Si Julie Fuchs est aujourd’hui chère au cœur de nombre de lyricophiles, c’est parce qu’elle n’a pas pris le melon. Sa fraîcheur reste intacte malgré un parcours jalonné de prix et de succès : révélation classique de l’ADAMI en 2009, premier prix de chant au CNSM de Paris avec les félicitations du jury en 2011, révélation lyrique des Victoires de la Musique en 2012, deuxième prix du Concours Operalia Placido Domingo en 2013, artiste lyrique de l’année aux Victoires de la Musique en 2014… Qui dit mieux ? L’an passé, la signature d’un contrat d’exclusivité avec le prestigieux label Deutsche Grammophon ajoutait un nouvelle palme à sa jeune gloire. Là où bon nombre de ses consœurs auraient profité de la situation pour sortir une énième compilation de grands airs de grands opéras, la petite soprano française qui monte se distingue en choisissant un répertoire moins convenu : l’opérette des années folles. Yvain, Messager, Hahn dont elle fut une Ciboulette acclamée par le public et la critique. N’est-ce pas d’ailleurs le succès de sa Ciboulette qui a dicté ce choix original ? Depuis Susan Graham et son formidable French Operetta Arias, on n’avait pas eu l’occasion de se trémousser sur « Yes ! ». A écouter Julie Fuchs d’une voix fruitée faire claquer « ce petit oui étranger », on se dit que décidément, cette musique devrait jouée plus souvent car elle est bonne pour le moral. Nos temps sombres réclament cette insouciance, seule capable de conjurer une actualité d’une violence insoutenable. De là à prophétiser un retour en grâce de l’opérette… Certains n’en écartent plus l’éventualité.

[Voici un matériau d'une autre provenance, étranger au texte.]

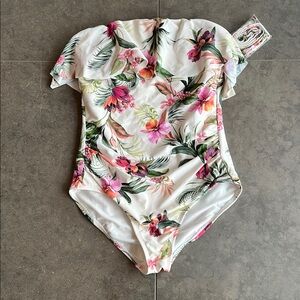 Kona Sol NWOT - Floral One Piece Swimsuit - Pink and Green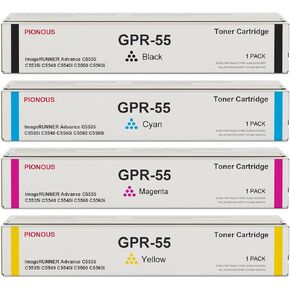 GPR55 GPR-55 Toner Cartridge Set (4-Pack, 1BK+1C+1M+1Y) Compatible GPR 55 Toner Replacement for Canon GPR-55 Toner Cartridge imageRUNNER Advance C5535 C5535i C5540 C5540i C5560 C5560i C5550i Printer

En attendant, Julie Fuchs est ravissante lorsqu’elle gazouille délicatement « Pardon mon papa que j’adore » extrait des Aventures du roi Pausole, une opérette d’Arthur Honegger qui à en juger aux deux extraits proposés ici mériterait de connaître plus souvent les honneurs de la scène. Bonne copine avec ça, n’hésitant pas à demander à ses camarades de la rejoindre dès que l’occasion se présente. Chantée en duo, l’heure de La veuve joyeuse est forcément exquise ; le thé est pour deux. Et l’on se dit que l’on aimerait bien que Deutsche Grammophon propose aussi un contrat à Stanislas de Barbeyrac tant le ténor a de charme et de talent.
L’hymne au soleil du Coq d’or, même traduit en français, semble se demander ce qu’il fait là. L’Enfant et les sortilèges aussi : dans ce florilège souriant, le feu fronce par trop des sourcils. « Ah ! Cher Monsieur, excusez-moi » est interprété avec une telle spontanéité que l’articulation s’en trouve prise au dépourvu. Mais entre Ravel et Christiné se faufilent les couplets délicieux de La pouponnière, une opérette de Casimir Georges Oberfeld, compositeur juif victime de la barbarie nazie, plus connu pour ses chansons que pour ses œuvres lyriques («Paris sera toujours Paris», c’est lui).
« J’ai deux amants » ondule avec une candeur désarmante. Barbara et Ciboulette aussi. C’est là peut-être la limite de ce chant gracieux : l’absence de sous-entendus dont tous ces airs ne sont pas forcément dépourvus. Au contraire même, on a tendance à penser qu’une partie de leur charme réside dans leur ambiguïté, la difficulté étant d’éviter la vulgarité. Aucun danger de ce côté-là, l’honnêteté de Julie Fuchs n’est jamais prise en défaut. Et quand bien même elle serait tentée de l’être, Samuel Jean, à la tête d’un Orchestre national de Lille d’une respectabilité au delà de tout soupçon, s’avère le meilleur des chaperons.